Em nossa busca por evoluirmos a união é uma força e um poder, sendo a verdadeira união neste sentido a união das mentes, a união em um propósito comum que possa ser o norte das ações do homem, baseado na superação das diferenças, no propósito de aperfeiçoamento moral, de construção de um mundo melhor e mais humano. O desafio está em consolidar os laços desta união com pessoas que pensam diferente, pois isto nos obriga a darmos mais atenção e mais valor ao que temos em comum, diferentemente dos fanáticos que unem-se pelo próprio fanatismo e focam-se nas críticas das diferenças dos demais, geralmente movidos pelo seu apego às suas próprias crenças e superstições, gerando o entorpecimento da razão e o afastamento dos corações.
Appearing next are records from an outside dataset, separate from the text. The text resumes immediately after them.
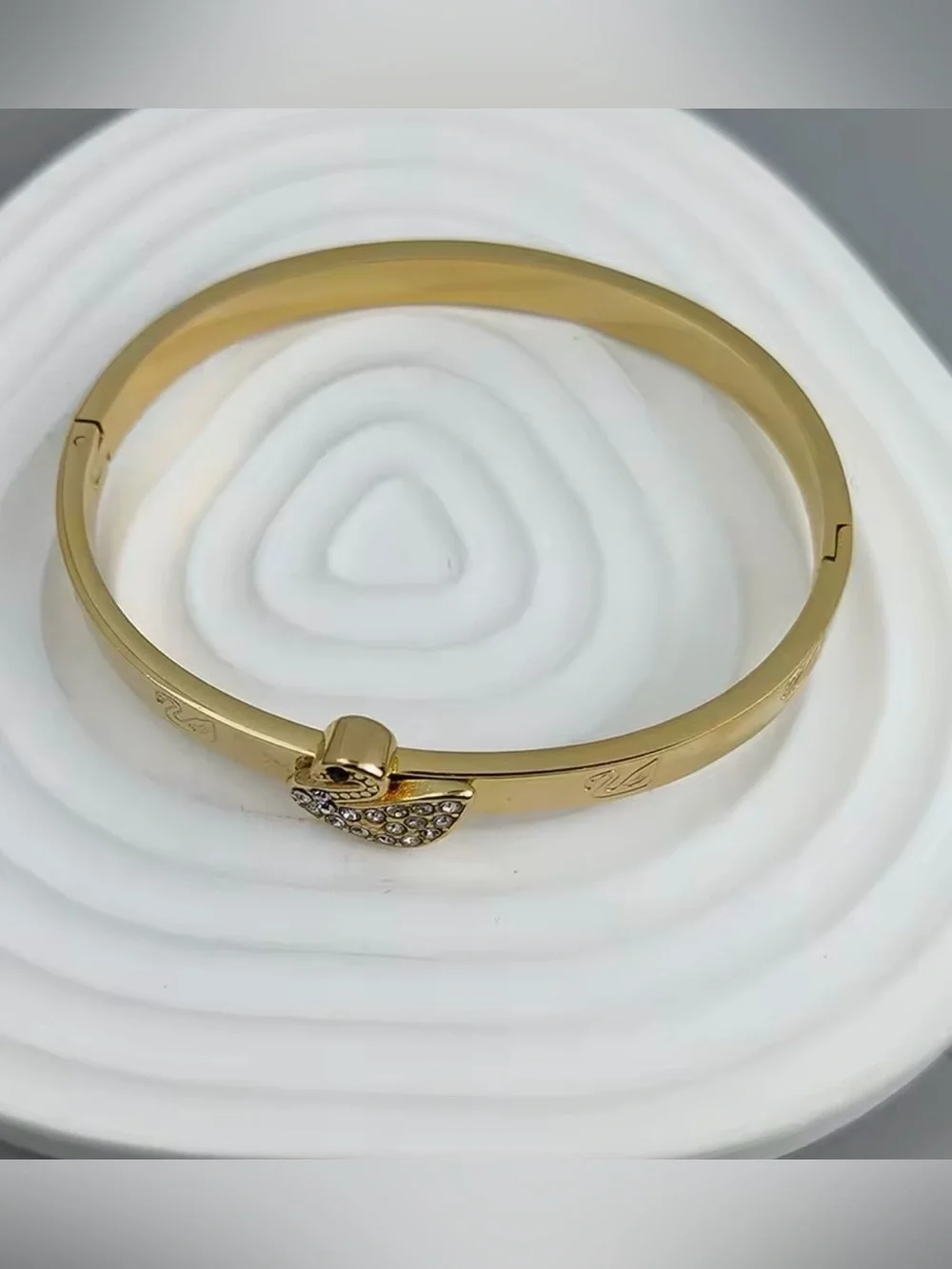 Nordstrom Gold Swan Crystal Accent Bangle Bracelet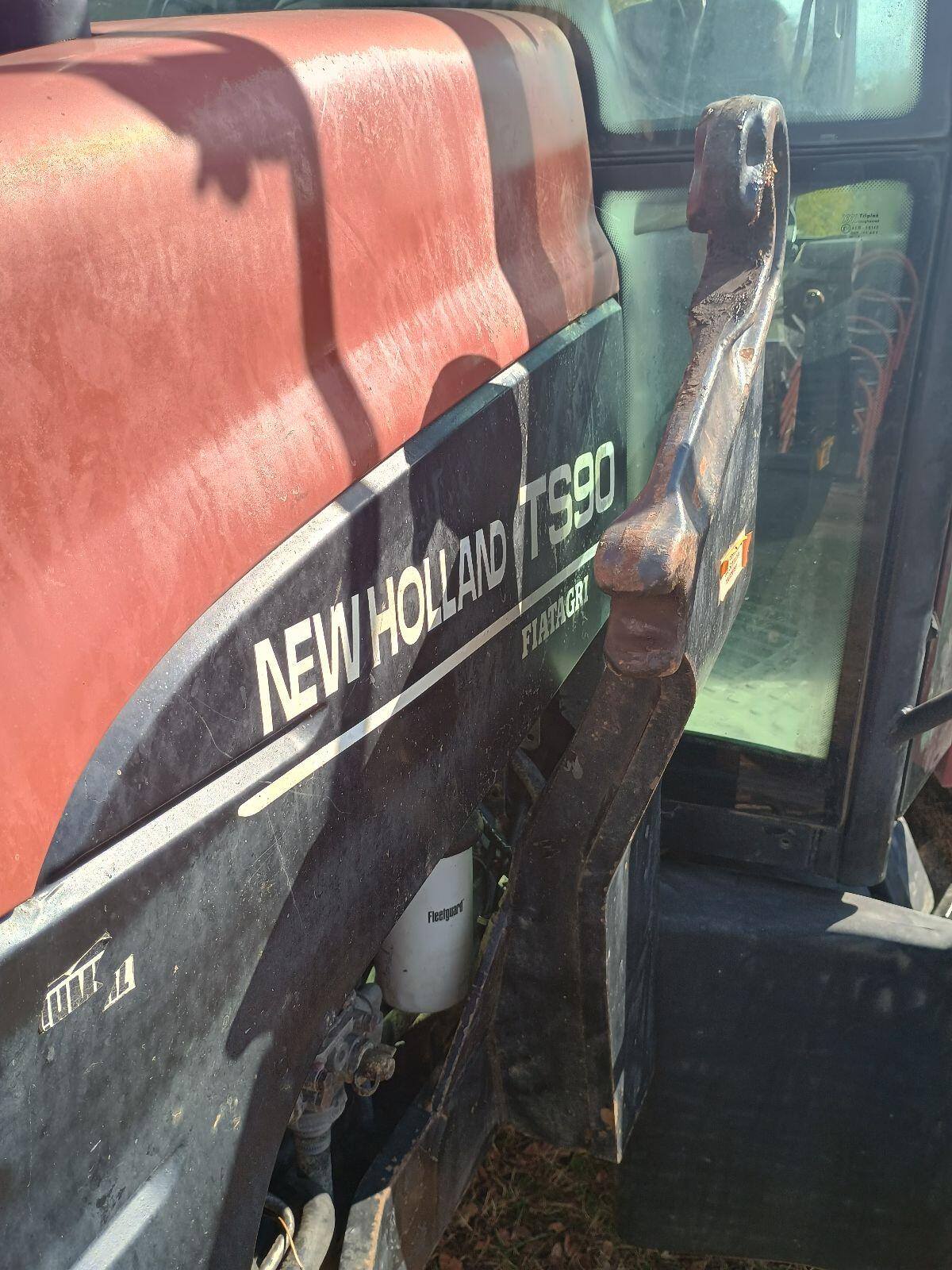 Stoll Console, Brackets für New Holland TS90 3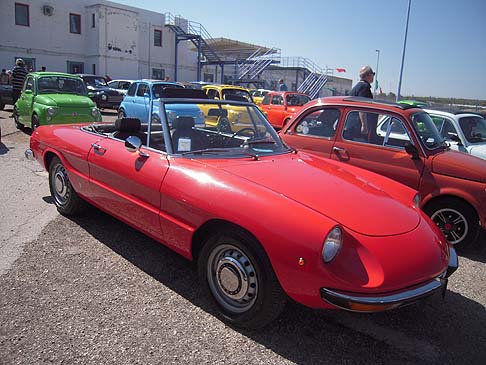 Fiat - L’esordio del raduno Giannini, nel 2014, aveva visto la partecipazione di ben 300 vetture, in mostra tra le vie della cittadina di Bitetto, in provincia di Bari. width=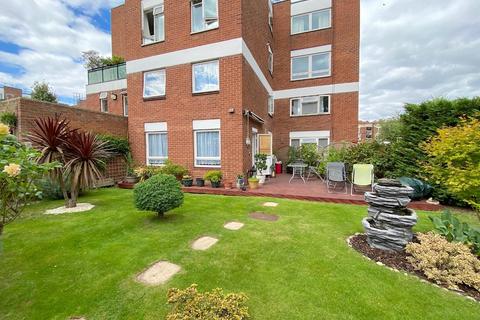 3 bed flat/apartment for rent in Canrobert Street, 11, London E2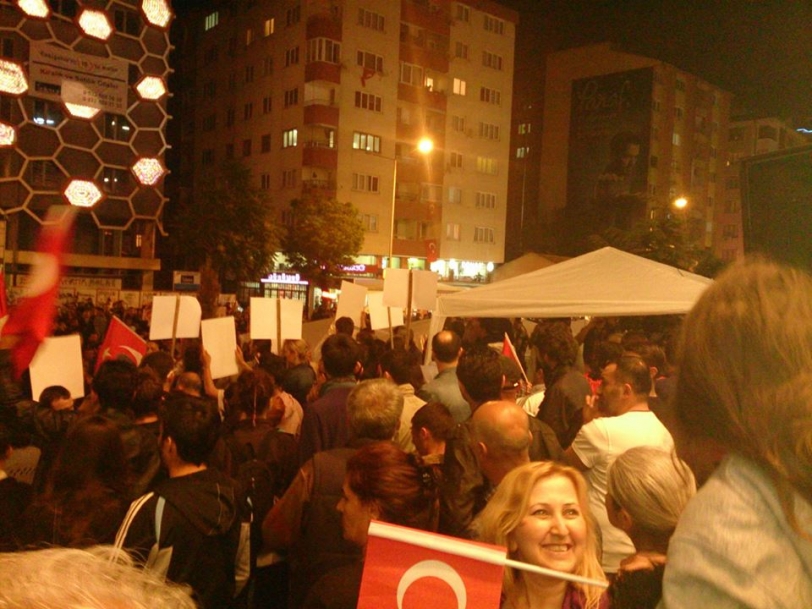 توافد كبير للمتظاهرين على ميدان &quot;تقسيم&quot; بعد تهديدات أردوغان بإخلائه في 24 ساعة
Há algo que deve ser diretriz em nossa união como homens na construção de uma sociedade e mesmo na construção de nossa própria trajetória de vida, e esta deve ser o propósito do Bem e a busca pela Verdade. Isto requer desprender-se das fôrmas de pensamentos e exercer a liberdade de pensar, admitindo que "o melhor" é algo que estamos constantemente construindo, e neste processo podemos ter até mesmo de reconstruir nossos conceitos e bases culturais quando estas mostram-se defeituosas já que o papel do construtor não é somente construir mas também desmanchar o que estava mal feito, reconstruindo algo melhor, e é importante refletirmos sobre isto se buscamos harmonia em nossas vidas e na humanidade, já que tentar conciliar a Verdade e a mentira será sempre uma falácia, e ainda que sob panos quentes sempre estará presente o separatismo com seu germe da discórdia e fantasma das guerras.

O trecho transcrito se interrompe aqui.